Fracture toughness and tensile strength of 316L stainless steel cellular lattice structures manufactured using the selective laser melting technique

Abstract Selective Laser Melting (SLM) process is a metallic additive manufacturing technique that directly manufactures strong, lightweight and complex three dimensional parts in a layer-by-layer to scan and melt the metal powder for aerospace applications. However, there are still certain evaluation criteria such as fracture toughness and tensility of cellular structure made by SLM which were not reported before. This study presents new and novel methods in additive manufacturing and evaluates the local failure mechanism of 316L cellular lattice structures made by SLM under uniaxial tension and three point pending load.
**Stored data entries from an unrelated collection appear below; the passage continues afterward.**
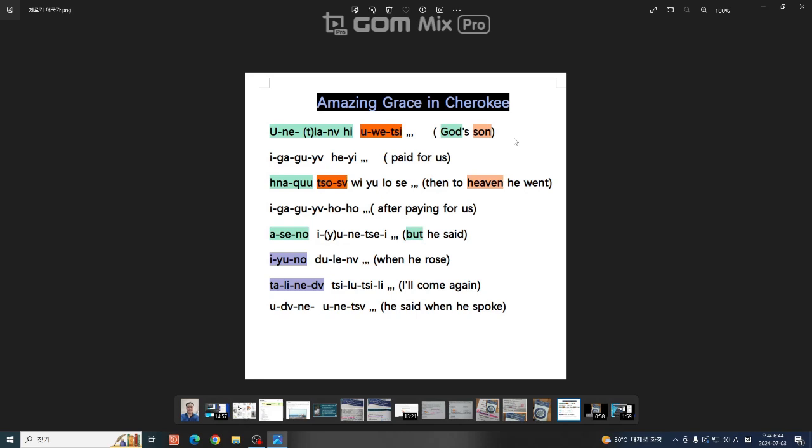그래서 이상하게 고조선어다 뭐 한자어 갖다 붙여가지고 이유 있지 뭐 이런 식으로 영상 만드는 거 그거 좀 다 이제 좀 사라져야 된다.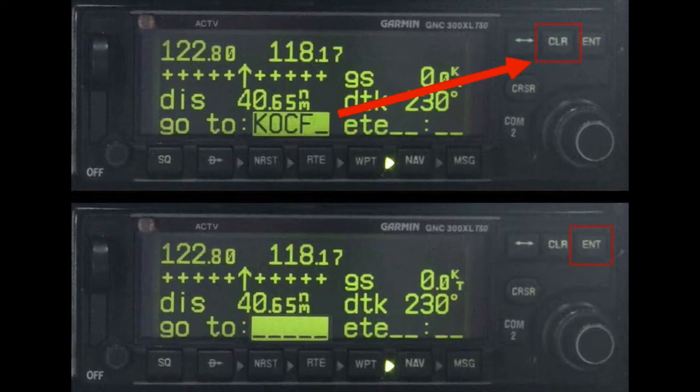If an active flight plan exists in route 0, the GNC 300 XL will resume navigating that route when the Direct-To is cancelled.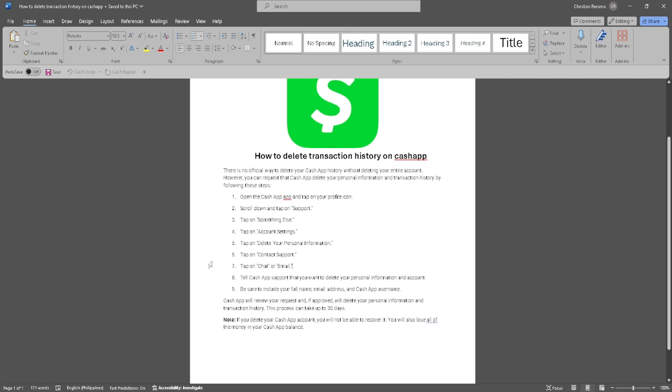Simply tell Cash App support that you want to delete your personal information and account. Also be sure to include your full name, email address, and Cash App username.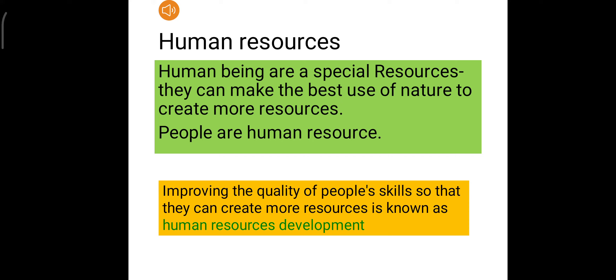Human beings are a special resource. They can make the best use of nature to create more resources. People are human resources.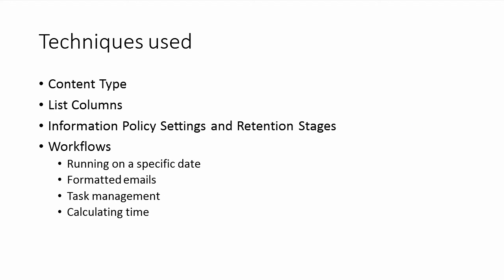The techniques that I will be using is, of course, I'll create a content type. That's always a good idea to do. I'll use a lot of list columns.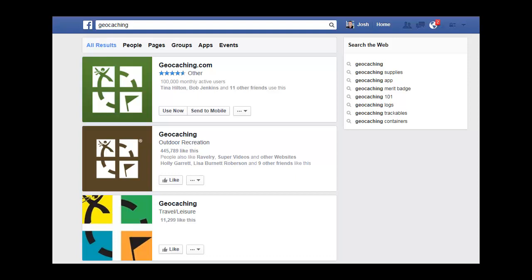In this short video I want to quickly go over Facebook groups as a means of driving traffic to your websites. It seems like everyone is on Facebook these days, so there's a lot of traffic potential there. There are different ways to drive traffic — advertising, your own page, groups — but I want to focus specifically on Facebook groups today. It's a very straightforward process.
The effect of different build directions of the 316L lattice structure on the fracture toughness properties are compared to the Ashby and Gibson models. Also, the effect of different build directions on tensile properties of 316L cellular structures has been investigated. Microcomputer tomography (CT) reveals that the cellular structure parts with different build directions were manufactured free of defect by the SLM. The density of the lattice structure samples was found at 1.35 g/ cm 3 for both vertical and horizontal building directions while the relative density of solid struts is 96.25%. The tensile and fracture toughness properties in vertical building direction samples are higher than those samples that were built in horizontal building direction. There was no big difference between the Ashby and Gibson micromechanical model to predict fracture toughness and Single Edge Notch Bend (SENB) test results from 0.2 to 0.5 MPa  m 0 . 5 .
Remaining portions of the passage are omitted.